Take the data below and write it out exactly, except for the pictures.

**Provided material**
---+---

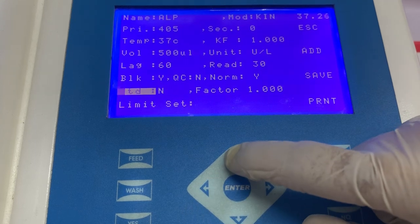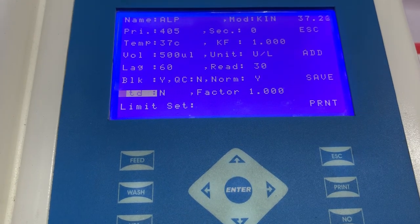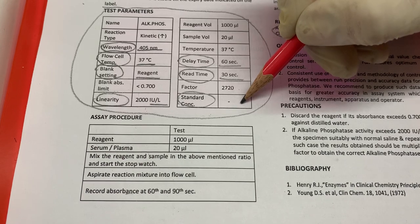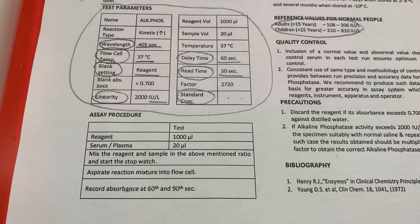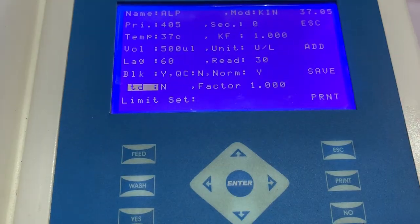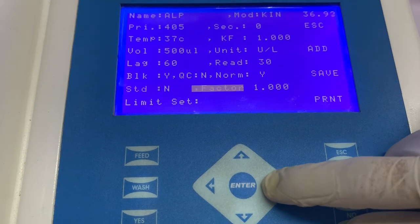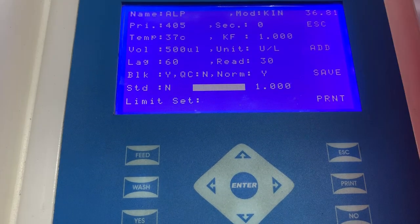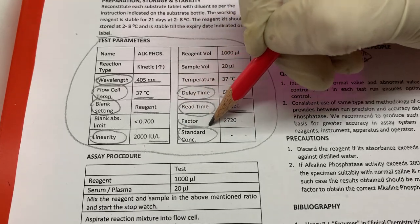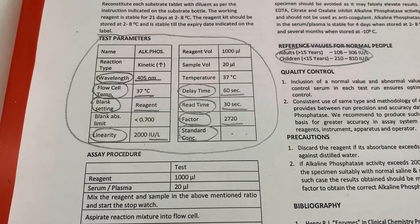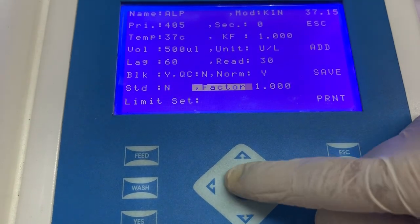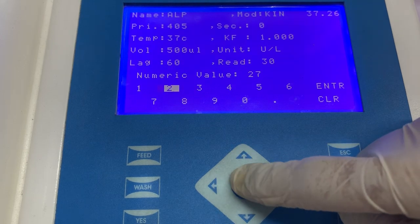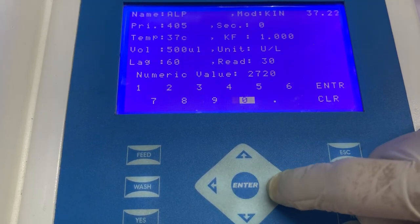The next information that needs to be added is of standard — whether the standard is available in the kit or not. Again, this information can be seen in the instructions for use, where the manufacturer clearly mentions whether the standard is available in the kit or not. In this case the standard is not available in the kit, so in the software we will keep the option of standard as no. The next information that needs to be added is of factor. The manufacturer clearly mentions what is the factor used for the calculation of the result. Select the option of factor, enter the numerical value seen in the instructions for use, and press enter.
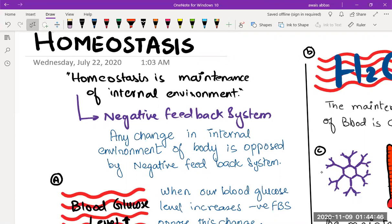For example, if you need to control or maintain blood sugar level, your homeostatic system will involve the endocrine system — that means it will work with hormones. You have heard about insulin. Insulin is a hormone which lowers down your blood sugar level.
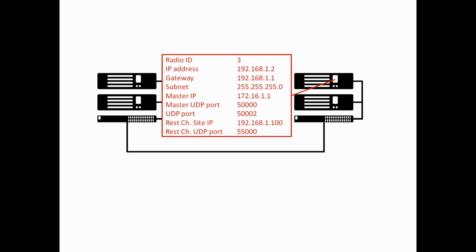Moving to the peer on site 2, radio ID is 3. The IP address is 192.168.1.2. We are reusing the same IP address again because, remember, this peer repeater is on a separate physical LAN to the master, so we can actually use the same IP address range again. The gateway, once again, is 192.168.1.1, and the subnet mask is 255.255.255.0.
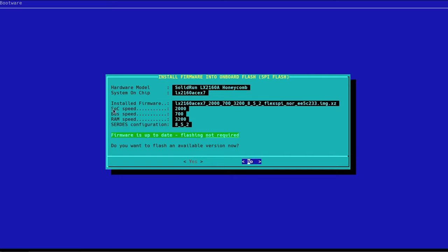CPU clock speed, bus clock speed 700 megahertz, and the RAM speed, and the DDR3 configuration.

---+---

**Finished task**
The next information that needs to be added is of standard — whether the standard is available in the kit or not. Again, this information can be seen in the instructions for use, where the manufacturer clearly mentions whether the standard is available in the kit or not. In this case the standard is not available in the kit, so in the software we will keep the option of standard as no. The next information that needs to be added is of factor. The manufacturer clearly mentions what is the factor used for the calculation of the result. Select the option of factor, enter the numerical value seen in the instructions for use, and press enter.
For example, if you need to control or maintain blood sugar level, your homeostatic system will involve the endocrine system — that means it will work with hormones. You have heard about insulin. Insulin is a hormone which lowers down your blood sugar level.
Moving to the peer on site 2, radio ID is 3. The IP address is 192.168.1.2. We are reusing the same IP address again because, remember, this peer repeater is on a separate physical LAN to the master, so we can actually use the same IP address range again. The gateway, once again, is 192.168.1.1, and the subnet mask is 255.255.255.0.
CPU clock speed, bus clock speed 700 megahertz, and the RAM speed, and the DDR3 configuration.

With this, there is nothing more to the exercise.